• PROBLEM REQUIREMENTS
Set every record down again, identical to the original.

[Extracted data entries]
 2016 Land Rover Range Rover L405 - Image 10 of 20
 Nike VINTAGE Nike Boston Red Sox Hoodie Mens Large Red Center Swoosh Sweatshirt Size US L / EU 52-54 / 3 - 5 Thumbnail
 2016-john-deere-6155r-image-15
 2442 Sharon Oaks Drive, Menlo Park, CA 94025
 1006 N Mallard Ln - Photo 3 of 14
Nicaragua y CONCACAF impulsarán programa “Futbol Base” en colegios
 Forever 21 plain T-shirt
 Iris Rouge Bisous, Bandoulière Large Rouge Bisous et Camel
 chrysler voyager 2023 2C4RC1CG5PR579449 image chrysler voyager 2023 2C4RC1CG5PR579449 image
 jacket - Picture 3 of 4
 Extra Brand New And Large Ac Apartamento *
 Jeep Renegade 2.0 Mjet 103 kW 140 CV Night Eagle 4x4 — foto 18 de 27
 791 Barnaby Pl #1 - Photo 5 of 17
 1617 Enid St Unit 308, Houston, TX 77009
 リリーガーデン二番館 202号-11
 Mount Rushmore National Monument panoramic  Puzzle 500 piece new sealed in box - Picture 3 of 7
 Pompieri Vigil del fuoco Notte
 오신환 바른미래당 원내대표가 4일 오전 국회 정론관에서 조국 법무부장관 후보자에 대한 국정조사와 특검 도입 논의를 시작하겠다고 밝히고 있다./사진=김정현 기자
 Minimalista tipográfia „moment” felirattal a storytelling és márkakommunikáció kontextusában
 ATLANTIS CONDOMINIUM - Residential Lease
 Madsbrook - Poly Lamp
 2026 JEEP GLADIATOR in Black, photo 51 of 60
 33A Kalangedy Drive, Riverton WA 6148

• ANSWER SPACE
 2016 Land Rover Range Rover L405 - Image 10 of 20
 Nike VINTAGE Nike Boston Red Sox Hoodie Mens Large Red Center Swoosh Sweatshirt Size US L / EU 52-54 / 3 - 5 Thumbnail
 2016-john-deere-6155r-image-15
 2442 Sharon Oaks Drive, Menlo Park, CA 94025
 1006 N Mallard Ln - Photo 3 of 14
Nicaragua y CONCACAF impulsarán programa “Futbol Base” en colegios
 Forever 21 plain T-shirt
 Iris Rouge Bisous, Bandoulière Large Rouge Bisous et Camel
 chrysler voyager 2023 2C4RC1CG5PR579449 image chrysler voyager 2023 2C4RC1CG5PR579449 image
 jacket - Picture 3 of 4
 Extra Brand New And Large Ac Apartamento *
 Jeep Renegade 2.0 Mjet 103 kW 140 CV Night Eagle 4x4 — foto 18 de 27
 791 Barnaby Pl #1 - Photo 5 of 17
 1617 Enid St Unit 308, Houston, TX 77009
 リリーガーデン二番館 202号-11
 Mount Rushmore National Monument panoramic  Puzzle 500 piece new sealed in box - Picture 3 of 7
 Pompieri Vigil del fuoco Notte
 오신환 바른미래당 원내대표가 4일 오전 국회 정론관에서 조국 법무부장관 후보자에 대한 국정조사와 특검 도입 논의를 시작하겠다고 밝히고 있다./사진=김정현 기자
 Minimalista tipográfia „moment” felirattal a storytelling és márkakommunikáció kontextusában
 ATLANTIS CONDOMINIUM - Residential Lease
 Madsbrook - Poly Lamp
 2026 JEEP GLADIATOR in Black, photo 51 of 60
 33A Kalangedy Drive, Riverton WA 6148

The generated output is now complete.